List of stores from above story @ Business Wire



Spoiler






> Tampered PIN pads were discovered from stores in the following states: CA, CT, FL, NJ, NY, IL, MA, PA, RI. A complete list of specific stores follows.
> Store Address 	   	   	   	   	City 	   	   	   	   	State 	   	   	   	   	   	   	Zip
> 4735 Commons Way 	   	   	   	   	 Calabasas 	   	   	   	   	 CA 	   	   	   	   	   	   	 91302
> 2470 Tuscany Street Suite 101 	   	   	   	   	 Corona 	   	   	   	   	 CA 	   	   	   	   	   	   	 92881
> ...


----------



## Easy Rhino (Oct 25, 2012)

from the article 





> The criminals planted bugs in the tampered PIN pad devices, allowing for the capture of credit card and PIN numbers.



so this was obviously well coordinated across that many States. i wonder how they were able to sneak the bugs into the pin pads...


----------



## TheMailMan78 (Oct 25, 2012)

Easy Rhino said:


> from the article
> 
> so this was obviously well coordinated across that many States. i wonder how they were able to sneak the bugs into the pin pads...



64 stores were affected AFAIK and its only an issue if you went to the store itself. Nothing online was affected.


----------



## Easy Rhino (Oct 25, 2012)

TheMailMan78 said:


> 64 stores were affected AFAIK and its only an issue if you went to the store itself.
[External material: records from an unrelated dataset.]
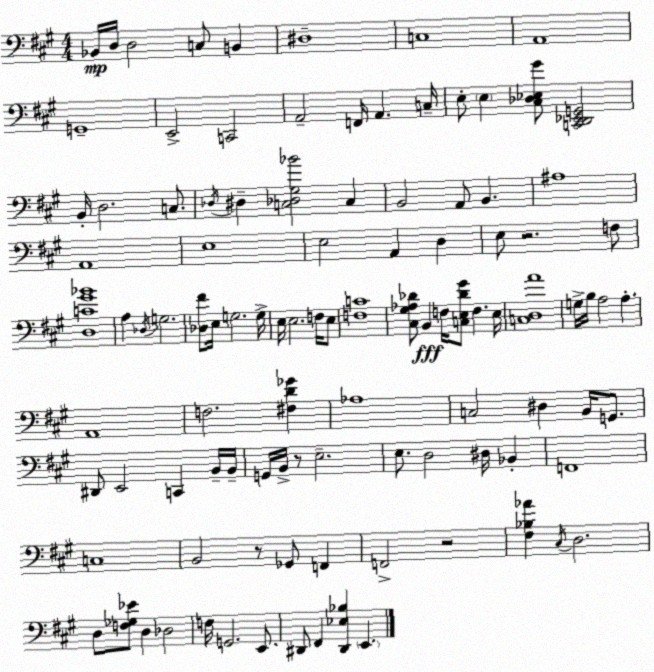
X:1
T:Untitled
M:4/4
L:1/4
K:A
_B,,/4 D,/4 D,2 C,/2 B,, ^D,4 C,4 A,,4 G,,4 E,,2 C,,2 A,,2 F,,/4 A,, C,/4 E,/2 E, [^C,_D,_E,^G]/2 [C,,D,,_E,,G,,]2 B,,/4 D,2 C,/2 _D,/4 ^D, [C,_D,^G,_B]2 C, B,,2 A,,/2 B,, ^A,4 A,,4 E,4 E,2 A,, D, E,/2 z2 F,/2 [D,C^G_B]4 A, _D,/4 G,2 [_D,^F]/2 E,/4 G,2 G,/4 E,/4 E,2 F,/4 E,/2 [F,C]4 [^C,^G,_A,_D]/2 B,, F,/4 [C,E,_D^G]/2 F, E,/4 [C,D,A]4 G,/4 B,/4 A,2 A, A,,4 F,2 [^F,D_G] _A,4 C,2 ^D, B,,/4 G,,/2 ^D,,/2 E,,2 C,, B,,/4 B,,/4 G,,/4 B,,/4 z/2 E,2 E,/2 D,2 ^D,/4 _B,, F,,4 C,4 B,,2 z/2 _G,,/2 F,, F,,2 z2 [^F,_B,_A] ^C,/4 D,2 D,/2 [F,_G,_E]/2 D, _D,2 F,/4 G,,2 E,,/2 ^D,,/2 ^F,, [^D,,_E,_B,] E,, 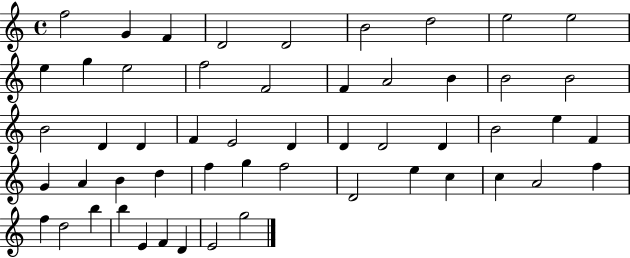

Nothing online was affected.



i know. but i wonder how they were able to make that kind of coordination. sneaking the bugs into the pin pads could not be easy


----------



## brandonwh64 (Oct 25, 2012)

Easy Rhino said:


> i know. but i wonder how they were able to make that kind of coordination. sneaking the bugs into the pin pads could not be easy


----------



## Disparia (Oct 25, 2012)

Easy Rhino said:


> i know. but i wonder how they were able to make that kind of coordination. sneaking the bugs into the pin pads could not be easy



I think that's what they said about a first-gen electronic voting machines. "Yeah, it's secure... except for this unlocked USB port". 

Since you can buy one of these pin pads, you have all the time you need to become expertly familiar with it. Devise a way to bug it, practice, train others, etc.


----------



## Hybrid_theory (Oct 25, 2012)

You really have to be mindful of your bank account. Lots of these devices are vulnerable, even with the chip and pin system. B&N found it, but how many are still out there not found? Its worse with credit cards that have systems like pay pass. Then someone can just walk by you and scan your wallet.


----------



## ShiBDiB (Oct 25, 2012)

63 stores? Sounds more like an inside job


----------